New York Times Co., which put its Boston Globe newspaper up for sale this year, agreed to sell the publication to John Henry, owner of the Boston Red Sox baseball team, for $70 million in cash.
The deal is $40 million short of the $110 million in pension liabilities said to be owed by the Globe properties collectively known as the New England Media Group, and is expected to close in 30 to 60 days. The sale also includes the Globe website, the Boston.com site, the Worcester Telegram & Gazette, a 49 percent stake in Metro Boston, and the direct-mail marketing company GlobeDirect, the New York Times said in a statement yesterday.
“This is a thriving, dynamic region that needs a strong, sustainable Boston Globe playing an integral role in the community’s long-term future,” Henry said in a separate statement. “In coming days there will be announcements concerning those joining me in this community commitment and effort.”
Times Co. put the Globe up for sale in February and hired Evercore Partners Inc. (EVR:US) to manage the process, part of an effort to focus on its flagship New York Times media brand. New York Times, which bought the Globe for $1.1 billion 20 years ago, mostly in stock, is coping with an industrywide decline in advertising that has caused a drop in sales and stock prices.

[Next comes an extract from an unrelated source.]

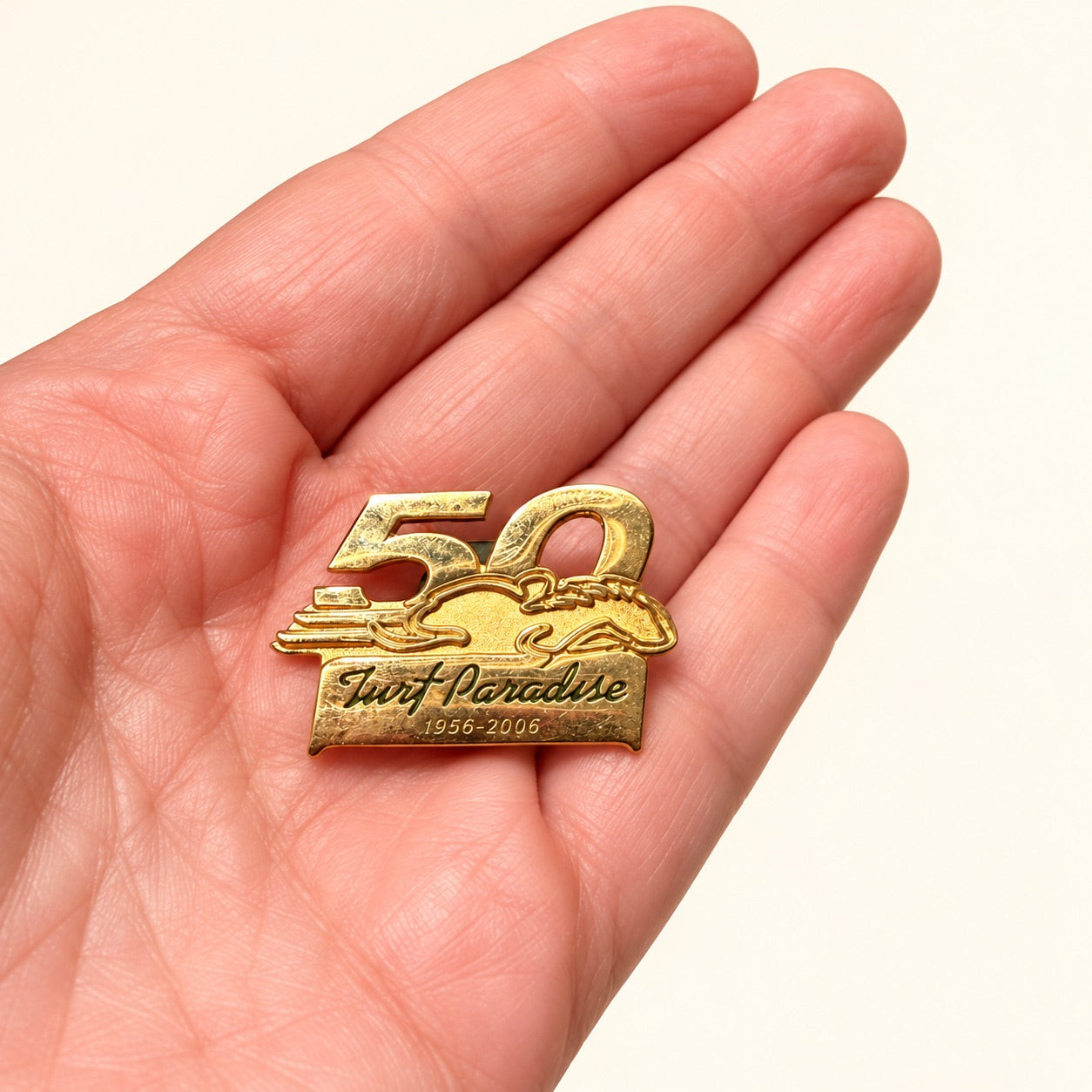 A gold-colored 50th anniversary lapel pin featuring a surfer riding a wave and the text 'Surf Paradise 1956-2006', held in a person's hand against a plain off-white background.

Bids for the Globe were expected to be in the range of $100 million, people familiar with the matter said this year.
The Globe’s average weekday circulation, including digital editions, reached 245,572 this year, less than half of its readership in 1993 when Times Co. bought the paper, according to the Alliance for Audited Media. The newspaper ranks 24th in circulation among U.S. newspapers, putting it behind the San Diego Union-Tribune, the Las Vegas Review-Journal and the Honolulu Star-Advertiser, according to the Alliance.
“As a result of this agreement, we will be able to sharpen our company focus on and investments in The New York Times brand and its journalism,” New York Times Chief Executive Officer Mark Thompson said in the statement.
Interested parties included Rick Daniels, a former president of the Globe, and ex-Time Inc. CEO Jack Griffin, in partnership with cousins Steven and Ben Taylor, whose family once owned the newspaper, the people said.
John Henry and two partners won the Red Sox in December 2001 with a $660 million offer to the Yawkey Trust, along with the assumption of $40 million in debt. In 2004, the club captured its first World Series championship in 86 years and added a second title three years later.
Henry is also the principal owner of Fenway Sports Group, one of the largest sports, media and entertainment companies in the world. In 2010, FSG bought Liverpool Football Club, the 18-time English soccer champion, and its Anfield stadium. The company also owns the New England Sports Network and a 50 percent share in Roush Fenway Racing, a NASCAR racing team.
Times Co. rose 1.4 percent, or 16 cents, to $11.93 in New York Stock Exchange composite trading on Aug. 2. The shares are up 40 percent this year, headed for the biggest annual advance since 2009.
The publisher, controlled by the Ochs-Sulzberger family, had worked on a plan to sell the Globe since 2012, when it received an unsolicited bid from Daniels, along with Heberden Ryan, a managing director of private-equity firm Boston Post Partners LLC, a person familiar with the matter has said. While their bid was about $100 million, it included contingencies that made it less attractive, the person said.
New York Times has rebuffed proposals that exceeded $100 million in the past. In 2011, Freedom Communications Inc. CEO Aaron Kushner, publisher of the Orange County Register and other California papers, offered more than $300 million, according to another person familiar with the deal who asked not to be identified because the matter was private.
Kushner’s offer included the assumption of both qualified and unqualified pensions. Times Co. turned down the offer because it didn’t include enough cash up front, according to another person, who also requested not to be named because the talks weren’t public.
The New England Media Group, the division that manages the Globe, has about $110 million in pension liabilities, people familiar with the matter said in June.
Times Co. preferred cash to help offset the liabilities, rather than bids that assume even part of them, one of the people said. Such bids would be less attractive because the Globe’s pension liabilities would revert back to Times Co. if a new owner of the Boston newspaper were to become insolvent, the people said.